Give all of the data again exactly as written, omitting every image.

> [Collected material]:

□ □ □

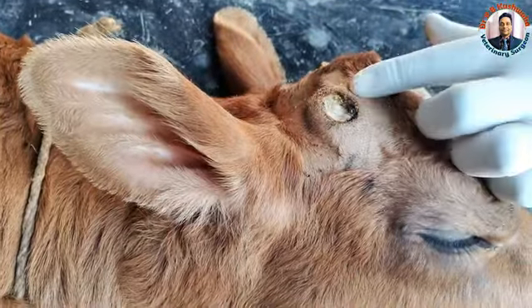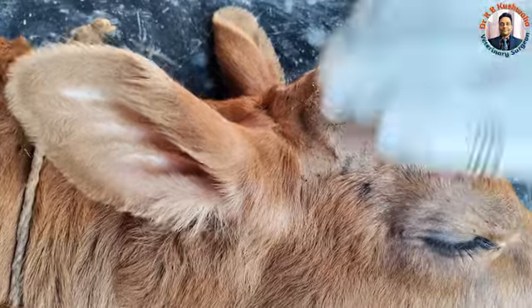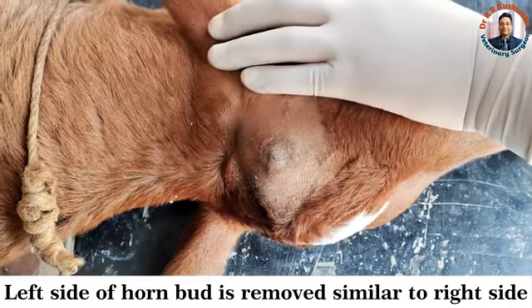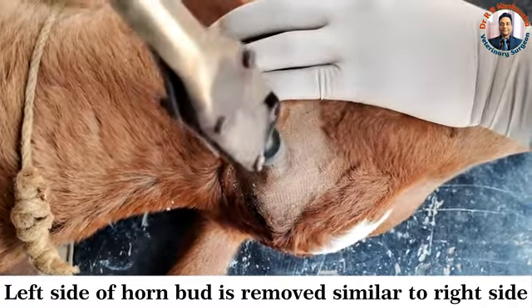Now you can see we have removed the bud. There is no bleeding or anything else. We have already removed the bud on the right side, so this is now the left side — same procedure.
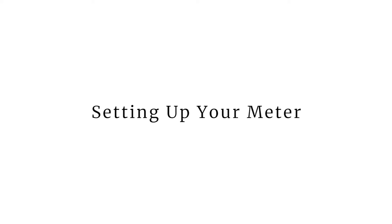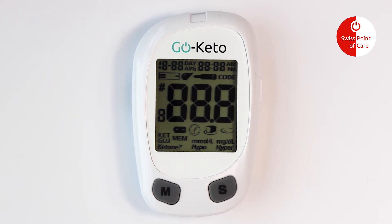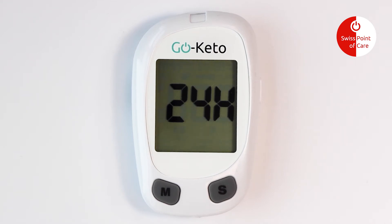Meter setup before testing. Press and hold the S button for 2 seconds to enter the meter setup mode. The meter will automatically enter the setup mode when turned on for the first time.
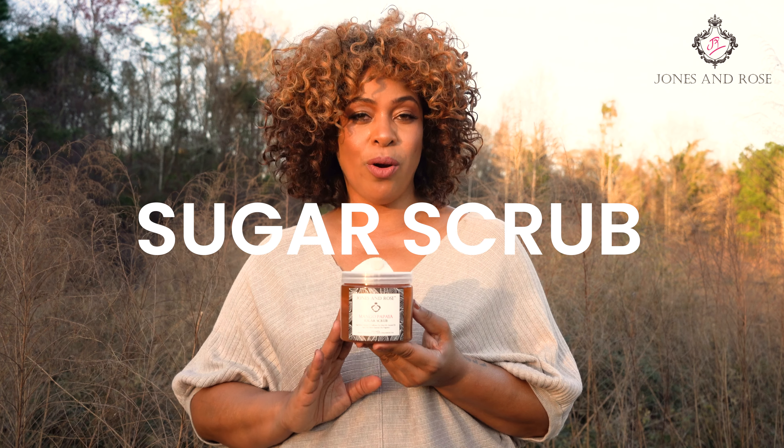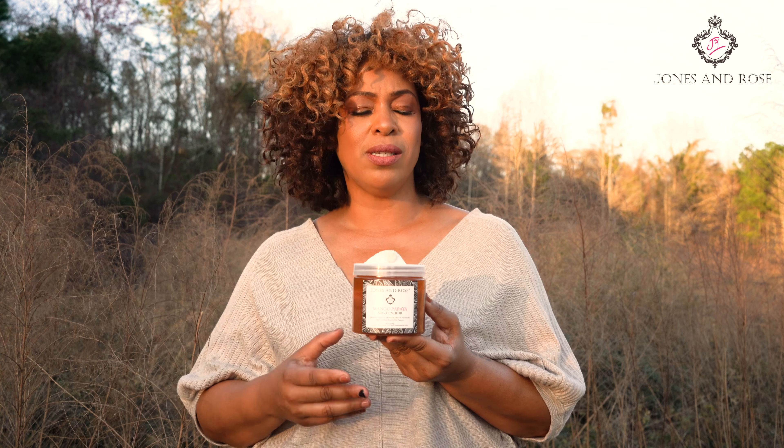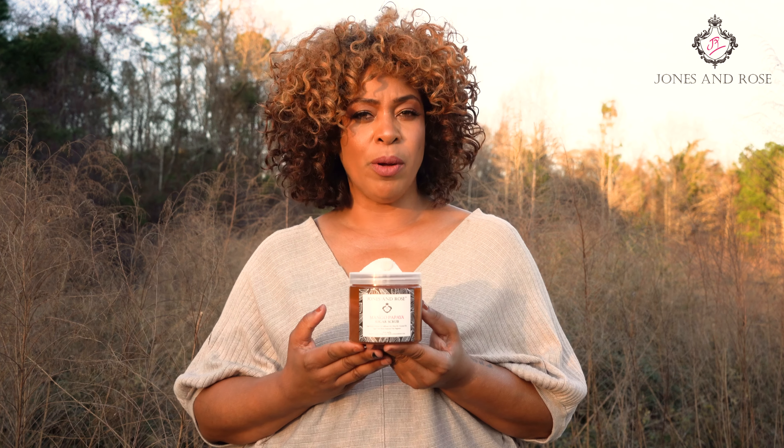Now the sugar scrub is so important in your skin ritual. You want to use this while you're taking a bath after you've used your soap. The sugar scrub is made of a combination of different sugar cane granules and moisturizing oils like almond oil and olive oil, and this is basically a spa product. So what are the benefits of the sugar scrub? It's going to exfoliate away that dead dull dry skin and give you radiantly soft beautiful skin.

□ □ □

> [Written answer]:
Now you can see we have removed the bud. There is no bleeding or anything else. We have already removed the bud on the right side, so this is now the left side — same procedure.
Meter setup before testing. Press and hold the S button for 2 seconds to enter the meter setup mode. The meter will automatically enter the setup mode when turned on for the first time.
Now the sugar scrub is so important in your skin ritual. You want to use this while you're taking a bath after you've used your soap. The sugar scrub is made of a combination of different sugar cane granules and moisturizing oils like almond oil and olive oil, and this is basically a spa product. So what are the benefits of the sugar scrub? It's going to exfoliate away that dead dull dry skin and give you radiantly soft beautiful skin.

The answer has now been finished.